Today began with a 4:30am phone call from an East Coast telemarketer, and pretty much followed along in that same general fashion.

Highlights included taking a phone order for Cyclocross.com, despite never having seen the console for that before, let alone having been trained to use it. Luckily, resident programming guru and wind-beneath-our-ecomm-wings, Jay, tends to build some eerily effective user interfaces.

Upsides included selling our first frameset and complete bike today. Downsides included a glitch–entirely my fault, but multi-faceted nevertheless–that caused us to sell something well below cost. Not too much, in the grand scheme of things, though, and quite the teaching moment.

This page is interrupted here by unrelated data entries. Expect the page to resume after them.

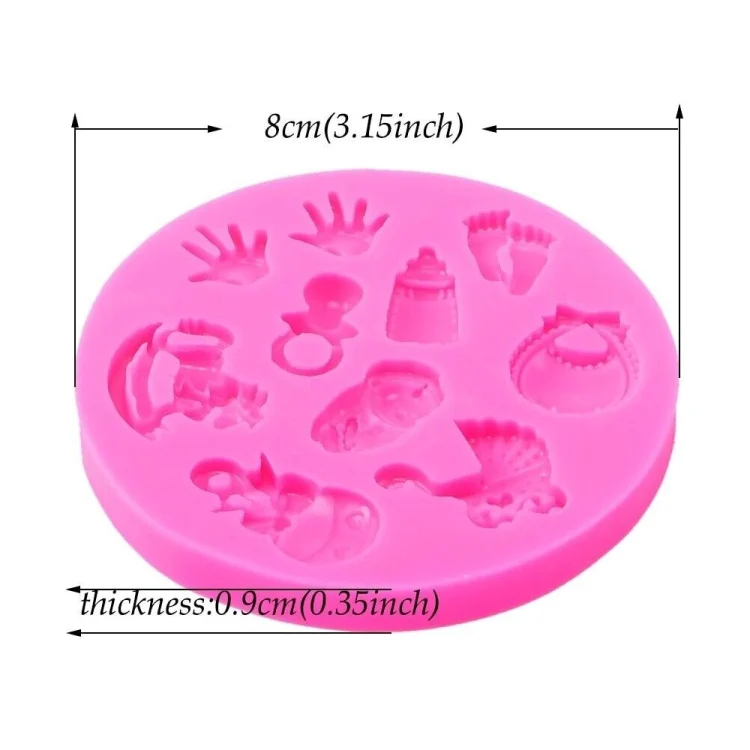 TBD01123044_1.webp 2 PCS Baby Hand Foot Shape DIY Mold Fondant Silicone Cake Chocolate Mold Baking Tool - Image 2
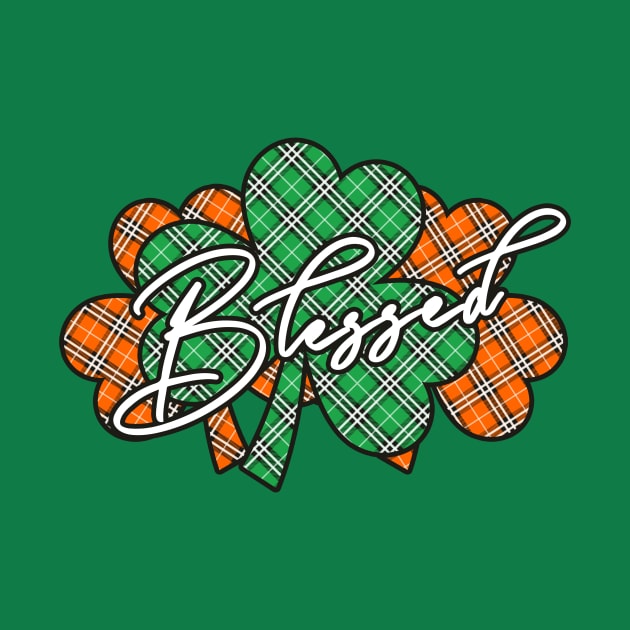 Blessed St. Patrick's Day Plaid Shamrocks by 4Craig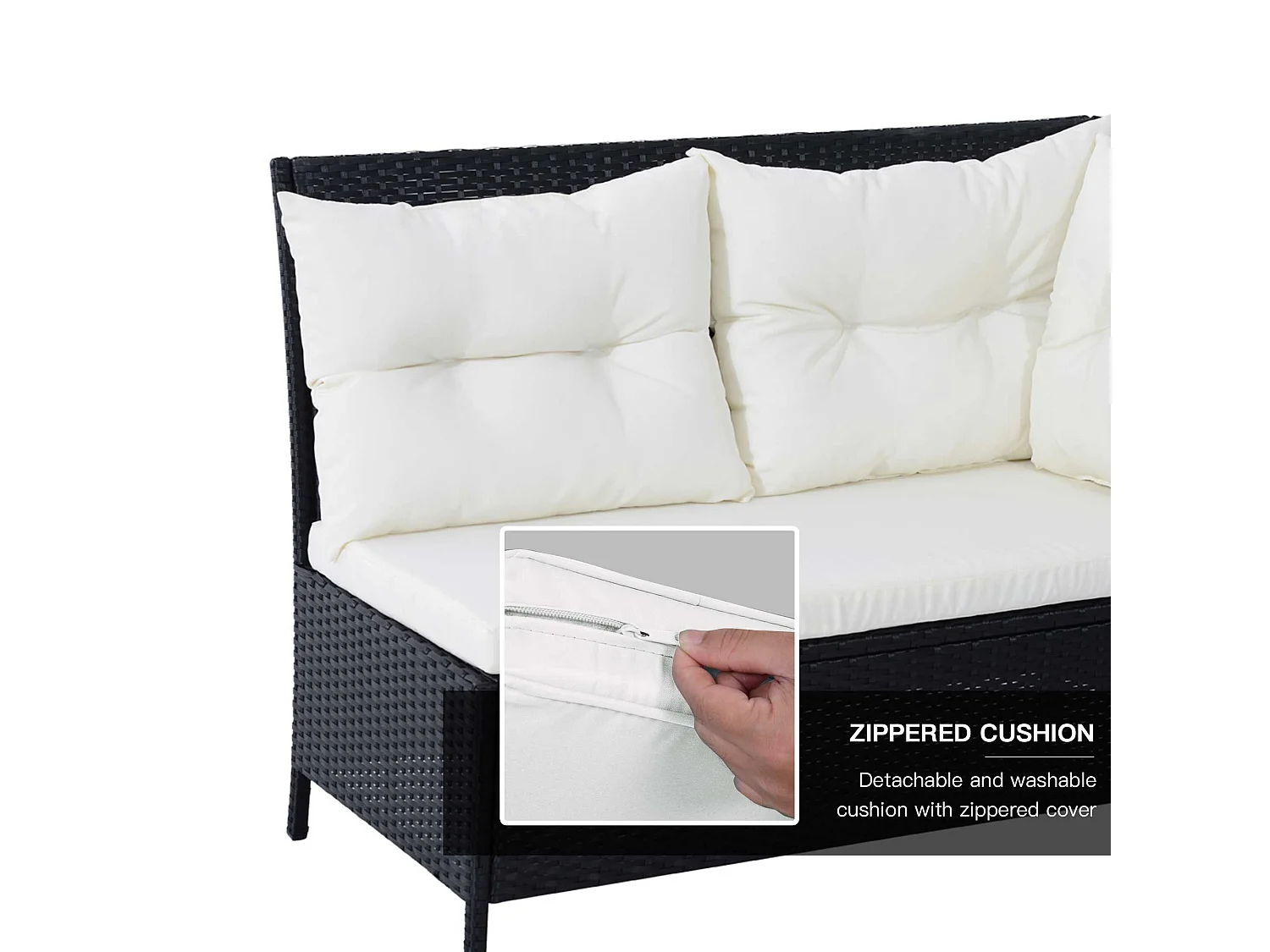 Semapa 8 Seater Black PE Rattan Corner Dining Sofa Set with Double Table and Cream Cushions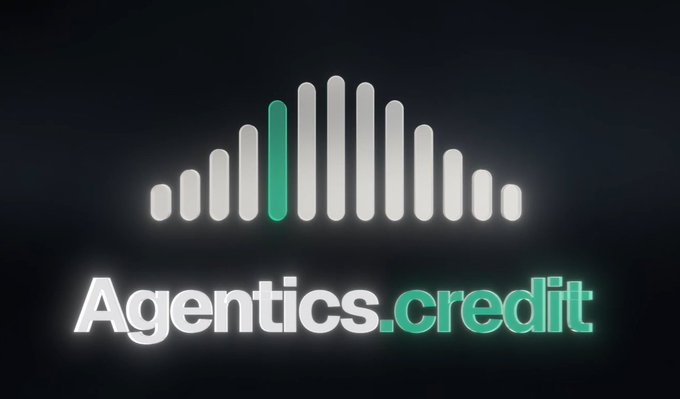 A logo on a black background displaying the text 'Agentics.credit' beneath a stylized graphic of white and green audio wave bars.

Meanwhile, responses continue to come in for the ‘cross frame design. Some BB30 people out there, but I’m wondering if you’re die-hard BB30 or just haven’t bothered distinguishing between BB30 and PF30. I was learning towards PF30 for a bunch of reasons–not least of which being the ability to drop in an eccentric for single-speed use–but is there some reason to avoid PF30?

One 386EVO bottom-bracket request on a steel frame. Now that’s something you might not even see at the Handbuilt show, right there. Sort of curious what it would look like.

Pretty amped about creating some stuff, though. After four months with like a quarter inch of rainfall here in Portland, a part of me is ready for this dreaded, dark and wet winter, so I can put the mad scientist hat back on and get to work.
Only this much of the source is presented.